Gross Roundnesses: Harold Speed 10

Fall - in Fort Worth, years ago
Don't forget the auction for Baby Jayden - it goes through Sunday, June 10.

It's about time for another post in the Harold Speed Drawing Series. This post contains a few highlights from chapter 9 entitled "Mass Drawing: Practical".

My entire series can be found on my favorites page.

Once again, this is an extensive chapter. It should be noted: mass drawing for Speed is always accomplished using a brush and paint. As I am a colored pencil artist, I have to adapt his advice to my situation. I've always thought that was easy though, if I apply my CPs in large areas of color - broad areas made of several strokes instead of the single stroke of the paintbrush.

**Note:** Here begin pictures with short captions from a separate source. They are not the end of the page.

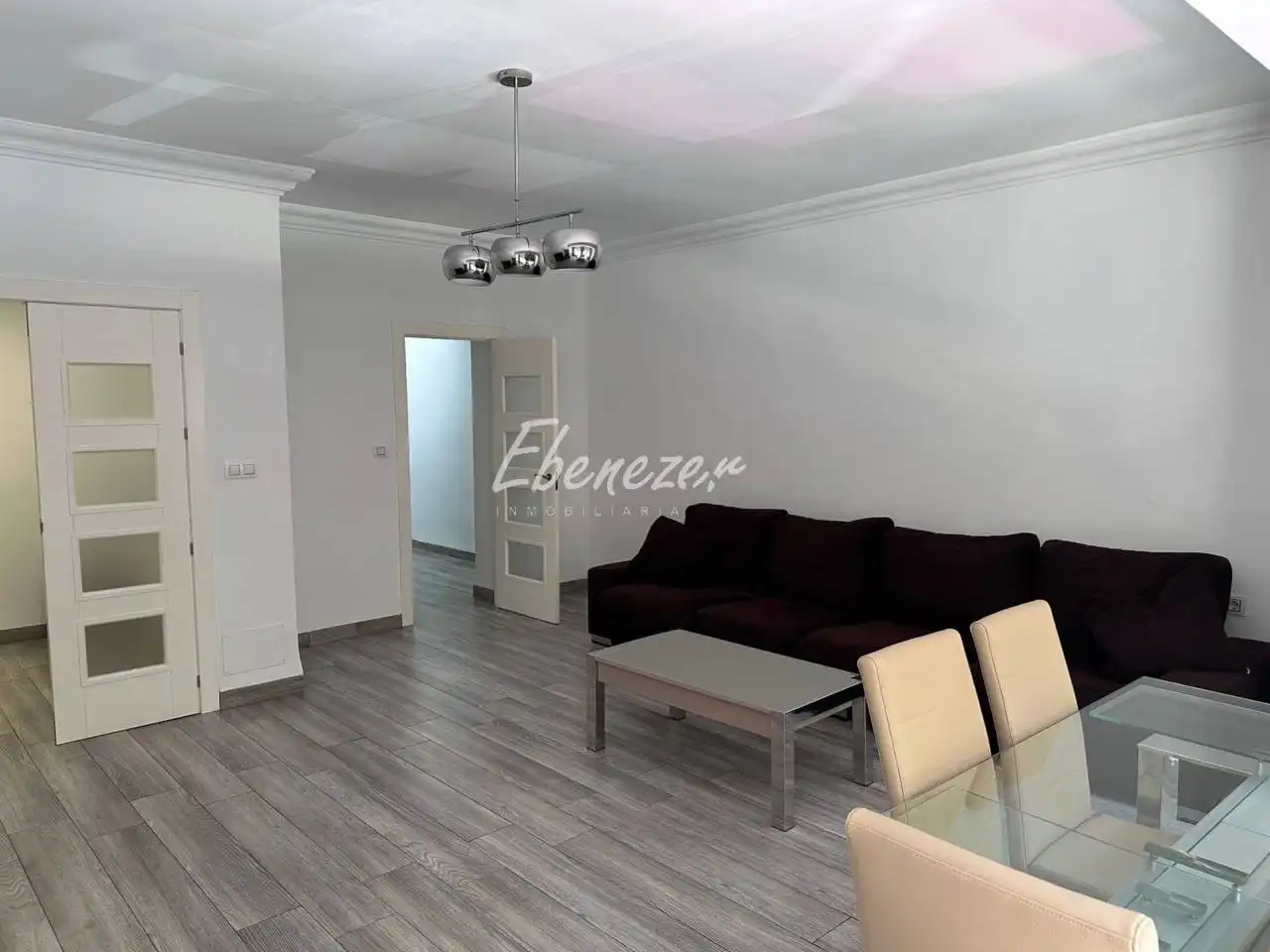 Flat with terrace for sale in Alfonso XIII, imagen 10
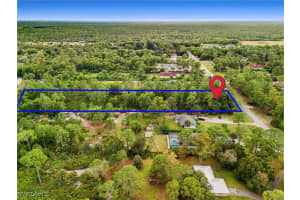 810 14th Street, Naples, FL 34117 - MLS#225078380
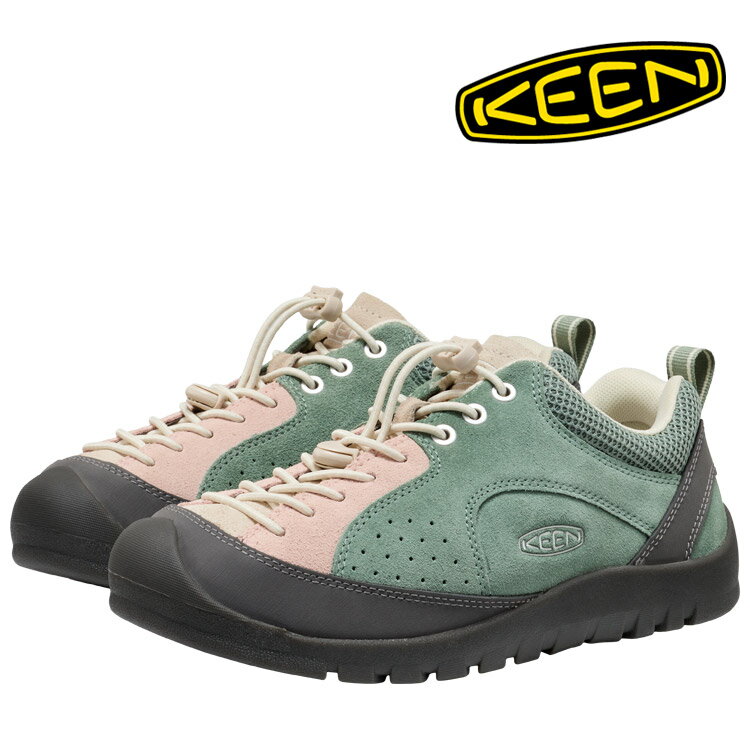 Rakuten - キーン JASPER ROCKS SP 1032170 レディースシューズ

"Keep your early work both in monochrome and colour quite solid, but as thin as you can, reserving thicker paint for those occasions when you wish to put a touch that shall not be influenced by what you are painting into."
-- Harold Speed

  • Clearly this is about oil painting and drying time - you can make mud very quickly with oil paint.
  • But, I also think it applies to CPs. You want to start your CP work very lightly, very gently - any scratches you make in the paper are forever there, anything heavily applied is nearly impossible to remove or cover, and your ability to blend colors and add more layers depends on there being some tooth left to the paper.
  • I actually read one Australian artist who said that she starts each piece with the feeling that she wants every mark to be removable - she wants every stroke to be undoable until she decides she likes the piece and then goes for it. The step where she decides she likes it is fairly far down the path.

"We saw, in speaking of line drawing, how the character of a line was found by observing its flatnesses and its relation to straight lines. In the the same way the character of modelling is found by observing its planes."
-- Harold Speed

  • Why is it so hard for me to remember this?
"Good modelling is full of these planes subtly fused together. Nothing is so characteristic of bad modelling as 'gross roundnesses' The surface of a sphere is the surface with the least character, like the curve of a circle, and the one most to be avoided in good modelling."
-- Harold Speed
  • Maybe "gross roundnesses" will help me to remember to see individual planes in surfaces and how they meet together!
On a personal note, today officially began our summer break - my posting may drop to once a week for the next few months, we'll see. We spent the morning playing Boggle, which was a huge hit, and then hit the pool in the afternoon - also a big hit. I definitely see sketching at the pool as a big activity for the summer!